En esos casos padres e hijos debieron transitar por la experiencia real de la incertidumbre frente al porvenir, conocerse demudados por el propio pánico, sentirse vulnerables por igual ante la vida que, evidentemente, no siempre es bella.

Nada de esto sucede a partir del film.

Y me parece crucial interpelar al texto cinematográfico y a sus lecturas, acerca del carácter de “juego” que se advierte en la experiencia relatada. Sostener la pregunta respecto de “a expensas de qué” ese juego sería posible.

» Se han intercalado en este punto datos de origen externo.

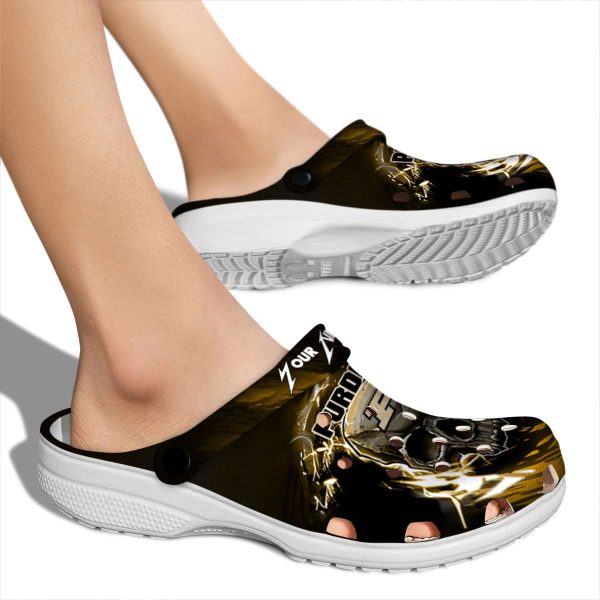 personalized purdue boilermakers gothic skull clog fashion forward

Revisar si realmente este “juego” protege o desmiente una realidad que es sabida pero que, “para cuidar al padre”, es mejor seguir insistiendo en que se trata de un juego.

Tales distinciones tienen un sentido actual, porque los discursos que perciben con admiración esta posición del padre en el film, no son sin consecuencias en nuestra realidad cotidiana. Que estas preguntas no se sitúen me parece inquietante, mucho más allá de la película, especialmente en estos tiempos.

Tiempos donde la “cámara sorpresa” arma juegos sin invitación previa y somos objetos del humor, de aquellos que ríen de nosotros que “caímos en la trampa” de un juego armado por otros.

Tiempos donde nos resulta casi imposible discriminar nuestras propias representaciones acerca de la realidad de aquellas ofrecidas por la televisión como “todas las caras de la verdad”.

Tiempos de desconcierto, realidad virtual y horizonte de mercado. Del desdibujamiento de la terceridad como garantía del lazo y de la necesidad del encuentro verdadero de padres e hijos aún en la incertidumbre, en lo inconcebible del dolor y la miseria.

Tiempos en donde se torna imprescindible jugar.

Y si se trata del juego, es importante ser convidado. Inaugurar acuerdos. Elegir cuándo, cómo y con quién hacerlo. Porque ningún papá debe cuidarnos de la vida, arrastrándonos a ser objeto de un bello “juego”. Ya que, en todo caso, se trata de la vida, como venga. Y claro, también del juego; en serio.